Mailing List Archive: Parse's current index

[REBOL] Parse's current index

From: hallvard::ystad::helpinhand::com at: 17-Jan-2002 10:47


Hello everyone


I've got a decode-url function from somewhere, did a search to find out where, but didn't 
succeed. Have searched the escribe site as well, but with no luck. (Did I write it myself?).

Here's the code:
decode-url: func [to-decode /local hex] [
  hex: charset "0123456789ABCDEFabcdef"

  parse/all to-decode [some [copy entity insert-point: ["%" 2 hex] (
                             insert-point: remove/part insert-point 3

                             insert insert-point to-char to-integer to-issue next entity) |
                             skip ]]
  to-decode
]


Now I discovered that the code has a problem: once it finds an entity, it replaces three 
characters with one. As the parse continues, of two adjacent entities, only the first 
will be replaced, since parse suddenly finds itself in the middle of the next one after 
the replace:
>> decode-url "http%3A%2F%2Fwww.rebol.com%2F"
== "http:%2F/www.rebol.com/"


I looked at different parse tutorials, including yours, Brett, to manipulate parse's 
index.
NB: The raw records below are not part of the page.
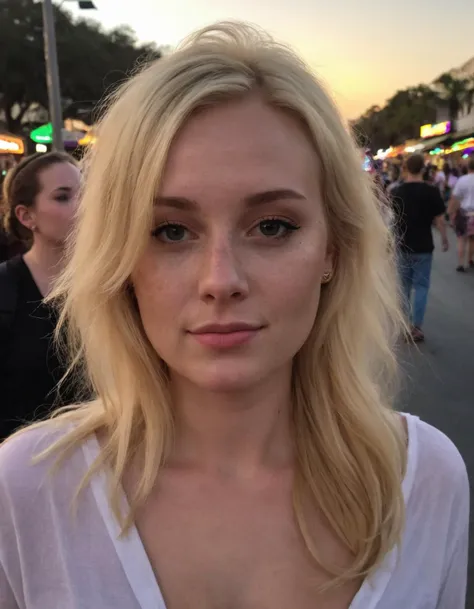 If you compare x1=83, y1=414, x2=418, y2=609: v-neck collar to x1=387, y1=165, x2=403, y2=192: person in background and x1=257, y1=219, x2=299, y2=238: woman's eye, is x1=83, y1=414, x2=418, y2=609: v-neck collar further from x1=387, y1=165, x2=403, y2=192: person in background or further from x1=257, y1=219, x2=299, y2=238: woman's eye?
x1=387, y1=165, x2=403, y2=192: person in background

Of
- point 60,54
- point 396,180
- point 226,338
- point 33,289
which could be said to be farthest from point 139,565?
point 60,54

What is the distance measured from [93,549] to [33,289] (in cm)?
190

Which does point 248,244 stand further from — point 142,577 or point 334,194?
point 142,577

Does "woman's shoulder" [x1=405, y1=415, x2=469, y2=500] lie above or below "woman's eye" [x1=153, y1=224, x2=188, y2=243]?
below

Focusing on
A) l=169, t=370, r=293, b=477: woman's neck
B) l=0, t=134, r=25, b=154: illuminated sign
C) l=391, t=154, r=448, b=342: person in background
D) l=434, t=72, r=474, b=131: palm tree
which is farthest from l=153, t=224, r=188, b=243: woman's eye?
l=434, t=72, r=474, b=131: palm tree

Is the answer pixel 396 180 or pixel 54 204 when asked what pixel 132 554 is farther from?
pixel 396 180

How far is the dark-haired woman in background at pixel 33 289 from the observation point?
8.83 ft

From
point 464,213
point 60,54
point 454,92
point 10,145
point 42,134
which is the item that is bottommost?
point 464,213

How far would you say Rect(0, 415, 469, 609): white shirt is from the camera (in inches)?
45.4

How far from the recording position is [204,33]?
1319 mm

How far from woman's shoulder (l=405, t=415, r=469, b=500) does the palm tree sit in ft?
236

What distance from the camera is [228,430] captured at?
1.32 meters

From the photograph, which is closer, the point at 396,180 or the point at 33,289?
the point at 33,289

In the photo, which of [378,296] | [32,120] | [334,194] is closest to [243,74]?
[334,194] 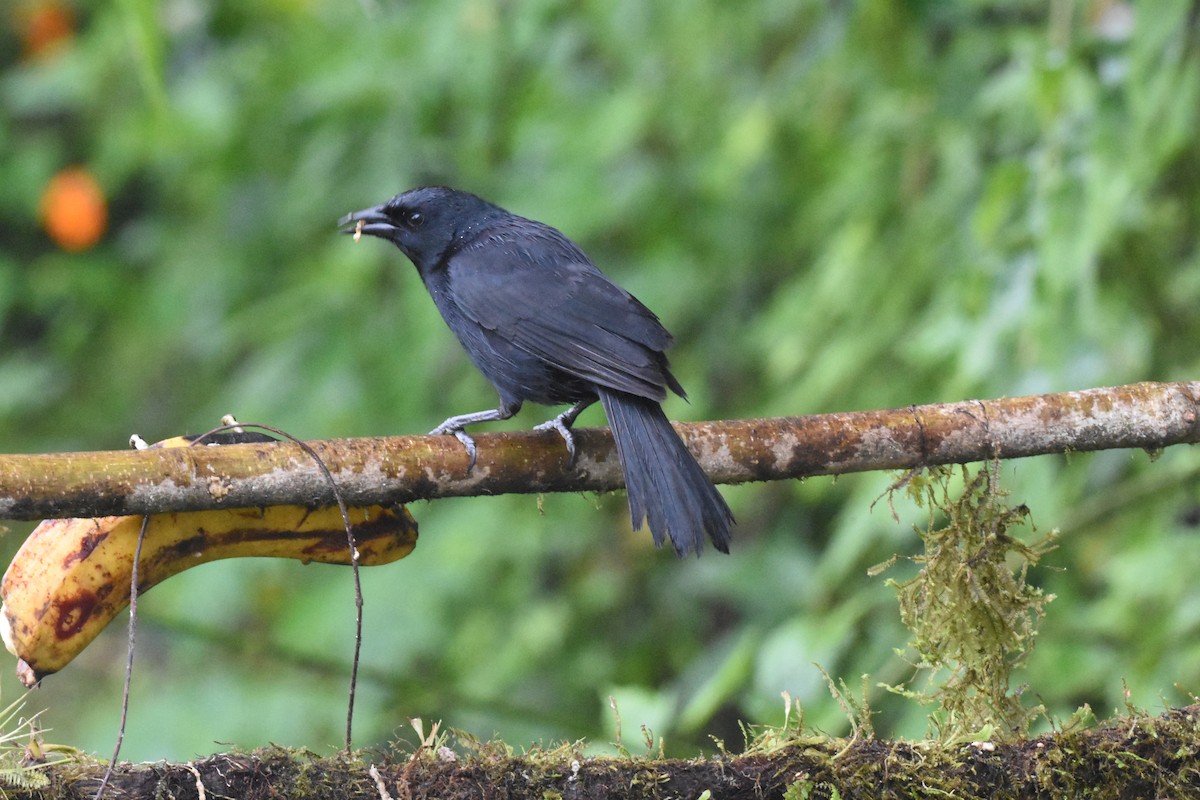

But look at this:

decode-url: func [to-decode /local hex] [
  hex: charset "0123456789ABCDEFabcdef"

  parse/all to-decode [some [copy entity insert-point: ["%" 2 hex] (
                             insert-point: remove/part insert-point 3

                             insert insert-point to-char to-integer to-issue next entity
                             print join "entity: " entity
                             print join "instert-point after replace: " insert-point
                             ) |
                             (print join "not %: " insert-point ) skip ]]
  to-decode
]
>> print decode-url "http%3A%2F%2Fwww.rebol.com%2F"
not %: http%3A%2F%2Fwww.rebol.com%2F
not %: ttp%3A%2F%2Fwww.rebol.com%2F
not %: tp%3A%2F%2Fwww.rebol.com%2F
not %: p%3A%2F%2Fwww.rebol.com%2F
entity: %3A
instert-point after replace: :%2F%2Fwww.rebol.com%2F
not %: F%2Fwww.rebol.com%2F
entity: %2F
instert-point after replace: /www.rebol.com%2F
not %: w.rebol.com%2F
not %: .rebol.com%2F
not %: rebol.com%2F
not %: ebol.com%2F
not %: bol.com%2F
not %: ol.com%2F
not %: l.com%2F
not %: .com%2F
not %: com%2F
not %: om%2F
not %: m%2F
entity: %2F
instert-point after replace: /
not %: /
not %:
http:%2F/www.rebol.com/


So the insert-point is perfectly well situated to continue, but it seems once an entity 
is evaluated and replaced, 'parse continues at the index where it left of *in*the*original*string*. 
Suppose this is only natural and as it should be, but I haven't had enough coffee to 
find a workaround this morning. (except this:
replace/all the_url "%3A" ":"
replace/all the_url "%2F" "/"
replace/all the_url "\" "/"
but I'd prefer my decode-url method to work).


Do I have to rewrite the rule to look only for "%", so that the next two characters are 
untouched?

~H